We get questions…

An employer called with this inquiry: “one of our employees has been on leave under The Family & Medical Leave Act (FMLA) for a serious health condition and the 12 weeks have expired.  The employee has not come back to work and the most recent medical note states that the employee will not be able to return for another two months.  Can we fire this employee?”

If all we had to worry about was FMLA then the answer may be yes.  However the answer is quite likely no for one or more reasons unrelated to FMLA.  First, if the serious health condition was at all work-related or work-aggravated then a termination may constitute discrimination for having had a worker’s compensation covered injury or illness.  Generally, however, terminating the employee automatically after expiration of FMLA leave might create a violation of the Americans with Disabilities Act (ADA). 

Issues of ADA and leaves of absence as reasonable accommodation were discussed at a meeting of the U.S. Equal Employment Opportunity Commission (EEOC) this June 8 in Washington D.C.  It is well known that under ADA, as well as under state laws like California’s Fair Employment and Housing Act (FEHA), an employer must provide a reasonable accommodation to a disabled employee if the accommodation will allow the employee to perform the essential functions of the job.  As the EEOC discussed earlier this month, that accommodation may frequently be additional leave of absence.  As the Chair of the EEOC stated,

“a period of leave – whether for medical treatment, recovery, or training to use adaptive equipment – is often the reasonable accommodation that permits a person with a disability to remain gainfully employed.”

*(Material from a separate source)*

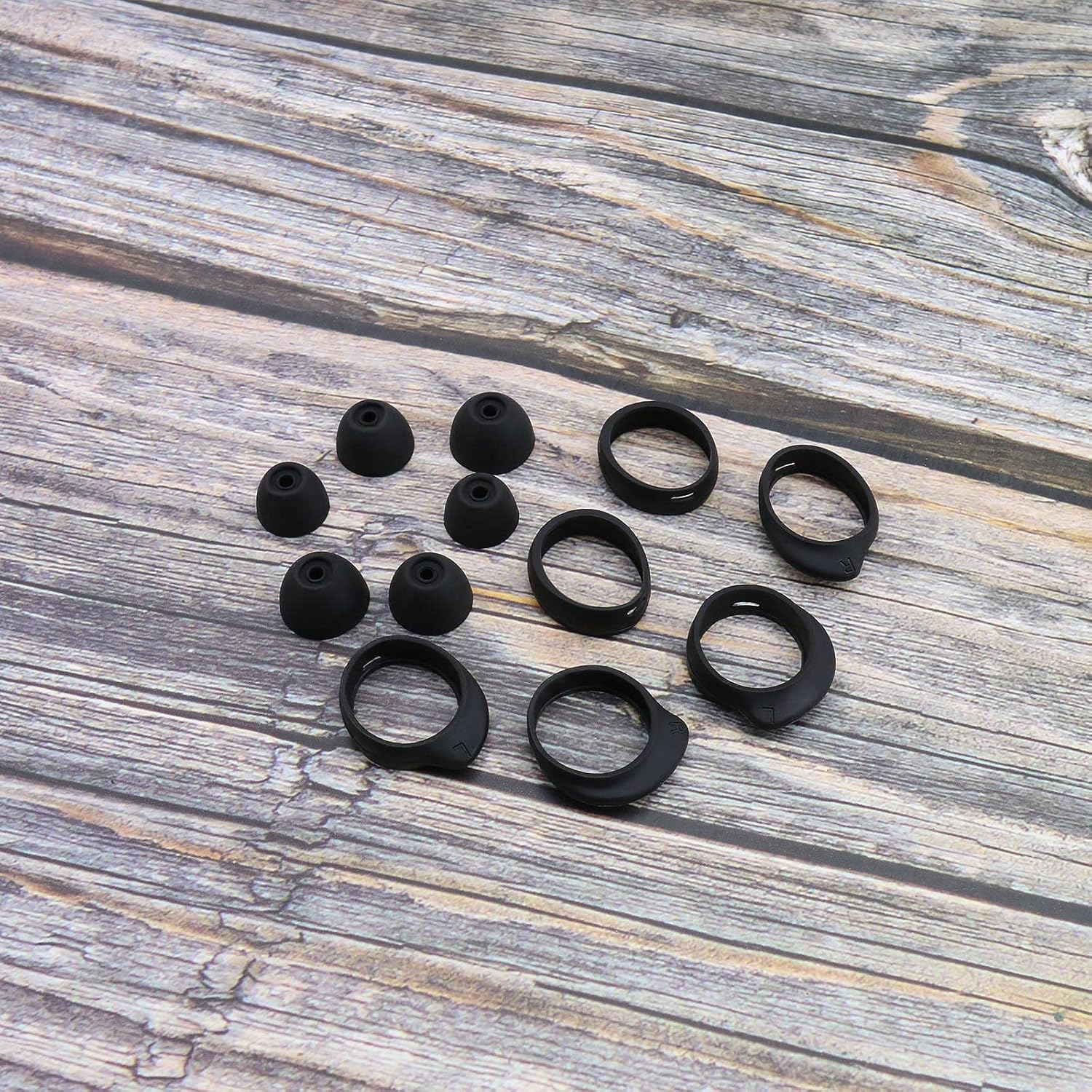 Emsea 3 Pairs Earbuds Set Compatible with Samsung Galaxy Buds SM-R170 Wireless Headphones Silicone Anti-Slip Eartips Earhooks Cover Eargels S M L 3 Sizes Black image number 5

Thus, the law may require an additional leave of absence beyond the 12 weeks permitted by FMLA if the employee’s condition constitutes a disability, a term which is defined in California so broadly that it covers almost any health condition that interferes with the performance of the job.  It has also been made clear that the leave of absence need only be “reasonable,” it need not be indefinite.  However, the burden would be on the employer to establish a business necessity why it could not provide the more lengthy leave of absence.

We advise our clients that it is unwise to have an inflexible leave policy that calls for automatic termination once the maximum amount of leave expires.  Every case must be treated on an individualized basis and the “interactive dialogue process” called for in the FEHA should be utilized to involve a discussion directly with the employee about these issues.  Further, the opinion of the employee’s physician must be taken into account. Employers should never “play doctor.”  Further, when deciding whether an employee is medically able to return to work, employers should never have a requirement that the employee must be able to return to work without restriction.  Both ADA and FEHA require reasonable accommodation to an employee’s restrictions if possible, unless this creates an undue hardship for the employer. This may require job restructuring, reassignment of duties or other measures as long as the employee still can perform the essential functions of the job. Establishing undue hardship is very difficult. Cost alone does not make a hardship “undue.”

Finally, and perhaps most importantly, the individuals at your agency or company assigned to engage in this analysis and make these decisions should be adequately trained in ADA concepts and procedures.  We have encountered a number of agencies who leave these decisions to worker’s compensation administrators who, while highly trained in that field, are lacking in ADA/FEHA knowledge. 

An industry has developed of attorneys keen to file lawsuits against employers alleging violation of ADA and FEHA alleging disability discrimination.  Your job is to be proactive to prevent situations from developing which could expose your agency or company to litigation and potential liability.